District No. 1 firefighter retiring after decades of service

Oct 19, 2018

After more than 40 years of keeping the South Coast safe at two Dartmouth fire departments, Kimball A. Baker III is bidding farewell to his firefighting family. 

The current lieutenant at Dartmouth Fire District No. 1 is retiring to North Carolina by the end of the month. Including the time he spent in the New Bedford Fire Explorer program, he has nearly 47 years of experience under his belt.

Put simply, Baker was born to be a firefighter. His father, Kimball A. Baker, Jr., served with District No. 1 for more than two decades, and for a time was the department’s chief.
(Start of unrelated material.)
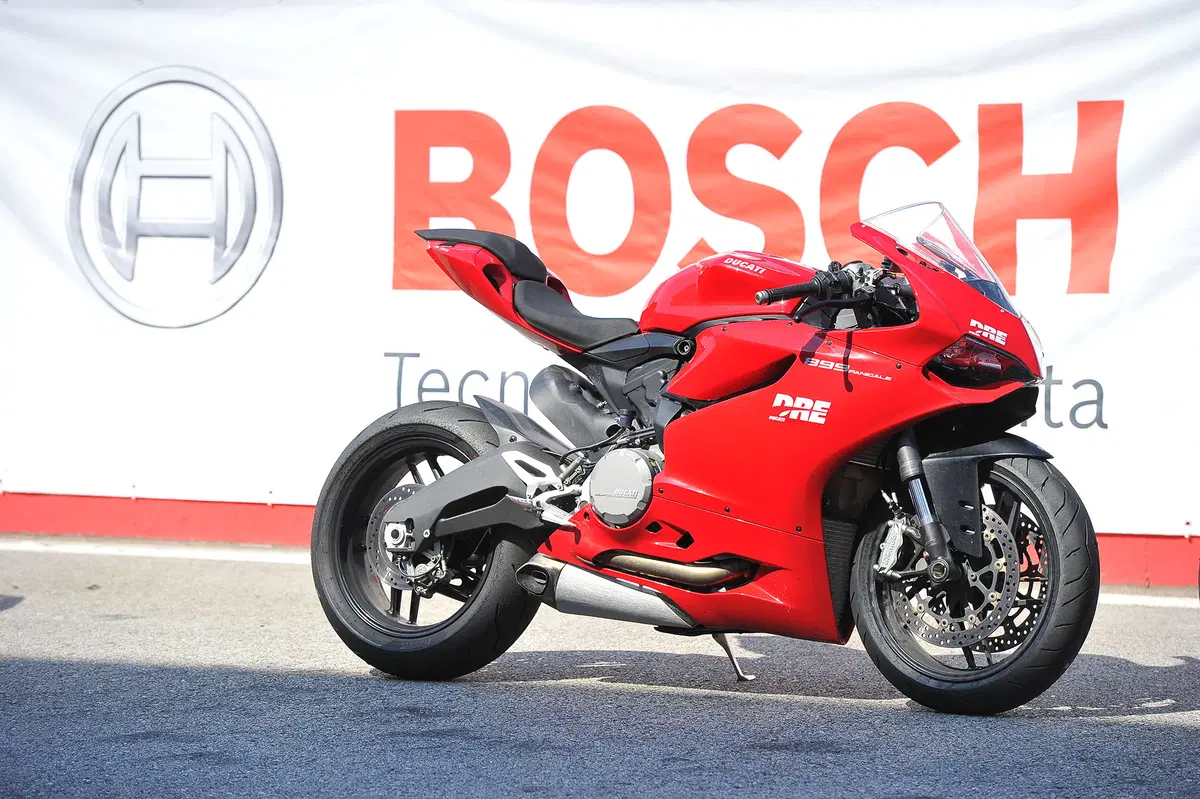 DRE, Ducati Riding Experience: la prima volta in pista non si scorda mai (9)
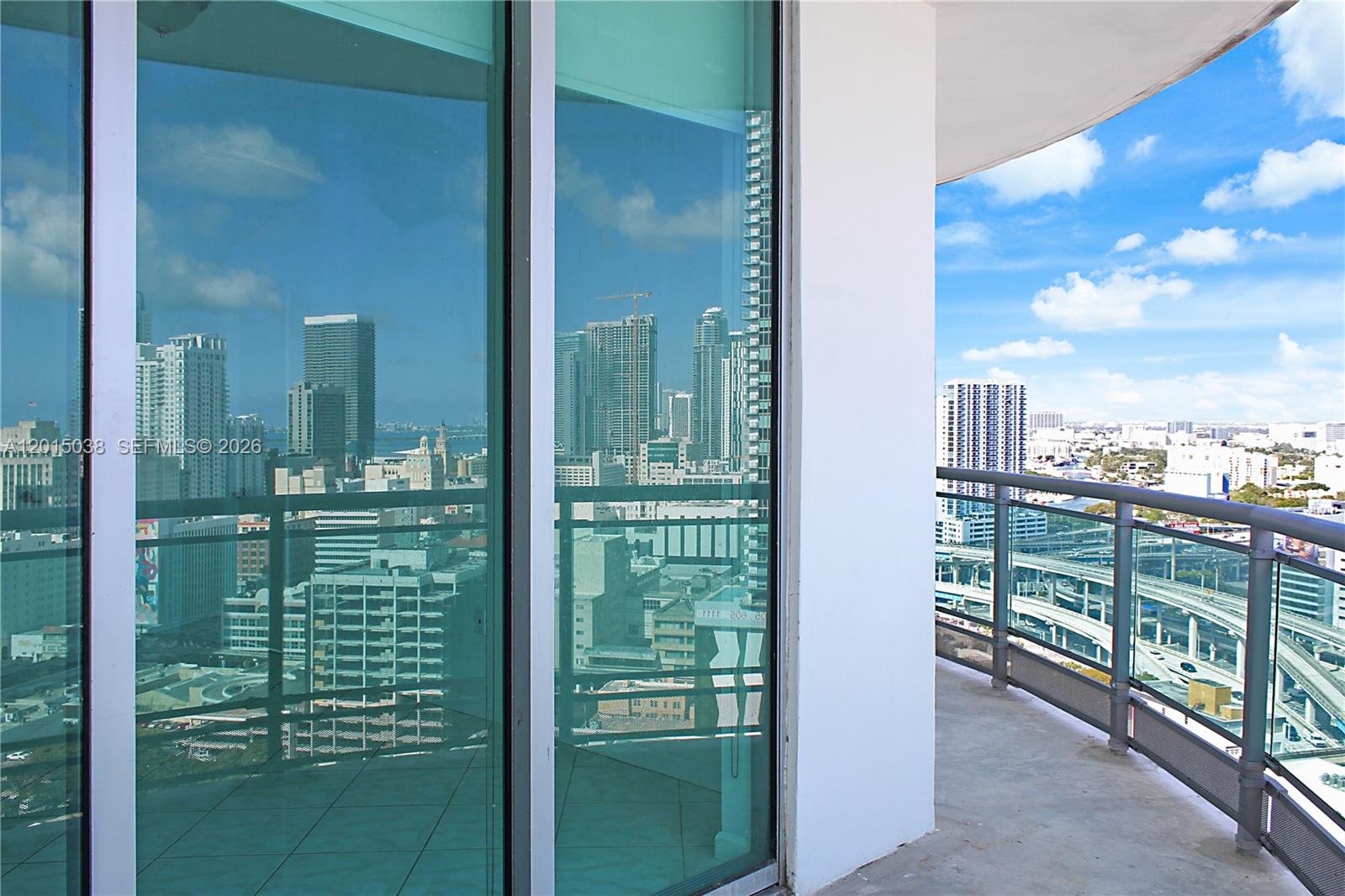 WIND CONDO - Residential Lease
Other family members and relatives were also members of area fire departments.

“It runs in the family,” Baker said. “I was brought up in the fire department.”

Growing up, Baker was exposed to the camaraderie of the close-knit community. His earliest memories all revolve around his father’s work. During major blazes, his mother woke him and his sisters up, headed to the scene, and watched. He and his family were also frequent attendees at clambakes, bean bakes, and other celebrations at the firehouse.

When he was old enough, he started volunteering at those events, and later joined District No. 1 from 1975 to 1979. He moved and joined District No. 3 in 1981 after marriage, serving there for the remainder of the decade before returning to District No. 1 in 1990.

He’s been at it ever since, and views his fellow firefighters as his extended family. 

He’s worn a lot of hats in the department. In addition to call firefighter, he is also an instructor for the department’s SAFE education program. He taught kids at DeMello, Cushman, and pre-schools in the area life-saving fire safety lessons, like getting close to the ground in smoky conditions, how to dial 911, and stop, drop and roll.

Since 2007, he has been the department’s rehab officer, responsible for monitoring the health and safety of his firefighters during a call.

Baker battled some tough blazes over the years. In Dartmouth, that includes countless barn fires he still remembers scooping burning hay.

The biggest blaze he’s ever battled was not actually in Dartmouth. He was on the ground during the infamous Kerr Mill Fire in Fall River, which occurred when he was with District No. 3.

He responded to the mutual aid request, and still vividly remembers witnessing telephone poles on the other side of Interstate 195 burning in the intense heat of the flames which consumed the massive mill. 

During remarks at his retirement party, his extended firefighting family recounted his rescue of a man who was trapped in the bedroom of his burning home, which was complicated by the man’s physical condition and a narrow window as the only means of escape. 

The same day, he had taught a safety program at DeMello, and the man’s daughter was in attendance. He asked each student to teach their families the safety tips, and believes that’s exactly what the young girl did. Had it not been for that, he said, the outcome might have been tragic.

During the ceremony, which was attended by a number of current and retired firefighters, District No. 1 Deputy Chief Jake Bettencourt presented Baker with a commemorative plaque and a few parting gifts -- a District No. 1 windbreaker for those windy North Carolina days, and various other gifts.

Baker is also retiring from his day job at Rodney Metals in New Bedford, where he’s worked for 37 years. He will still make frequent trips back to Massachusetts to visit family, and hopes to find out if he can volunteer at his new hometown fire department in North Carolina.

“It’ll never leave you once you’ve been a firefighter,” Baker said.